What can parents do to avoid receiving an unnecessary prescription for an antibiotic?  Try to do your best to communicate your expectations with your physician.  Rather than offering “candidate diagnoses” (“I’m worried Johnny has a sinus infection”) try to stick to describing the actual symptoms.  The mention of candidate diagnoses by parents increased the likelihood of antibiotic prescription in one study.  If the doctor determines your child has a viral infection that will not improve with an antibiotic, it’s perfectly appropriate to ask her how she came to this conclusion, what to expect in the coming days, what you can do to help alleviate the symptoms, and what to look for as far as worrisome symptoms that might require follow-up.  Disputing the diagnosis, on the other hand, will often lead physicians to cave in and prescribe a medication your child will not need.
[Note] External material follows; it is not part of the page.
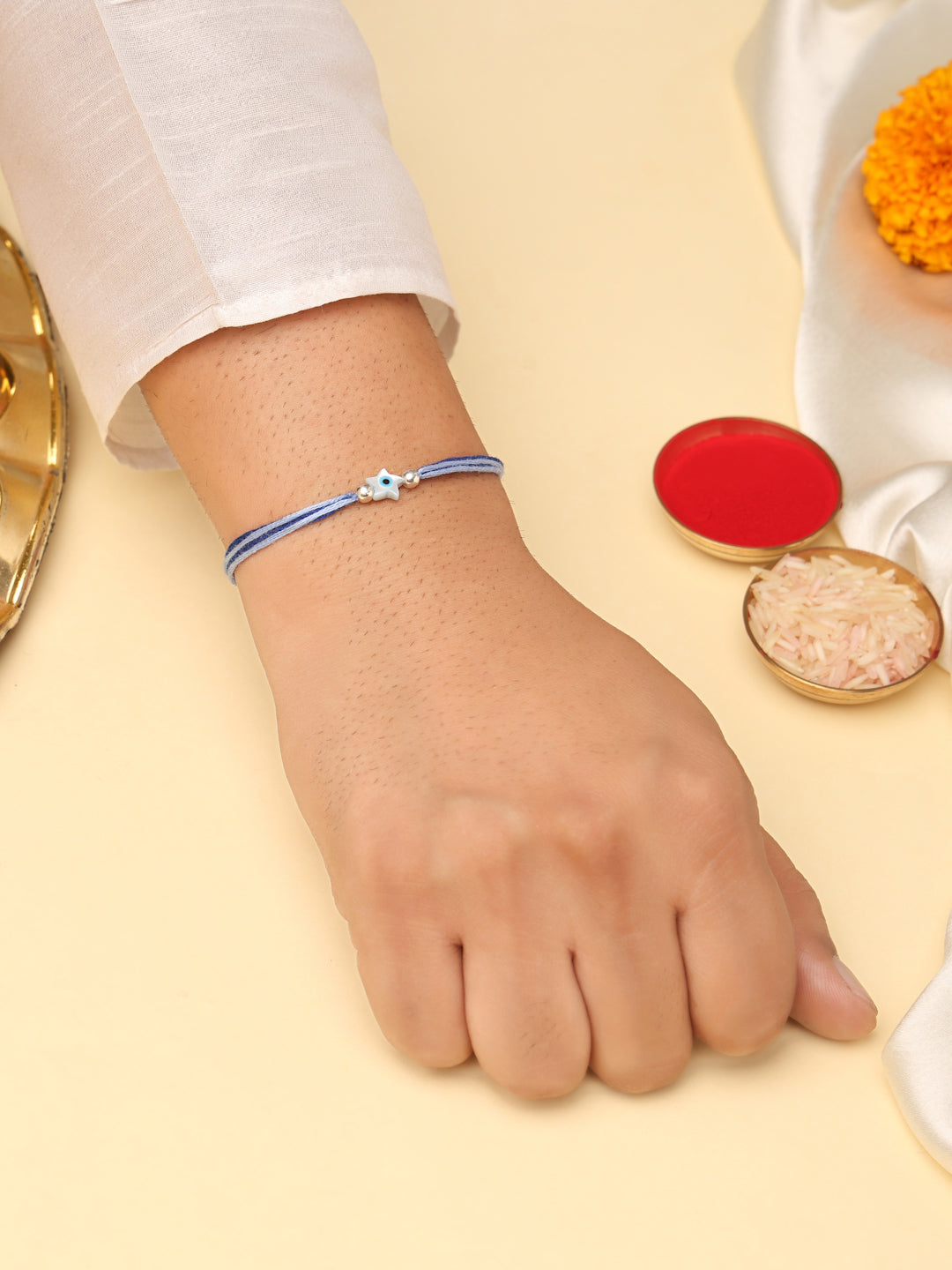 925 Sterling Silver Star Evil Eye Rakhi on Blue Thread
I told you earlier that I would offer my own explanation as to why physicians are so prone to prescribing antibiotics when they know they are unlikely to help.  Isn’t it irrational for highly trained professionals to prescribe treatments that are counter to accepted guidelines of care?  
Actually, the unnecessary prescription of antibiotics is perfectly rational from their point of view of the physician – what one might term, rational foolishness -- and can best be understood in terms of potential risks and rewards.  Risks and rewards for the physician, that is, not for the patient.
Though on a population basis the over-prescribing of antibiotics constitutes a public-health risk, with regard to the individual patient, it is hard for the physician to envision any imminent harm (unless the patient suffers an unanticipated allergic reaction to the medication).  Thus, the way the doctor sees it, the risk of not prescribing a medication (missed diagnosis, lawsuit, unsatisfied patient, loss of time and unpleasantness resulting from a discussion of why an antibiotic is not needed) outweighs the risk of prescribing (rare allergic reaction, unlikely that MY patient will get a resistant bacterial infection from just one teeny antibiotic script).  Besides, we doctors don’t have to pay for the medication.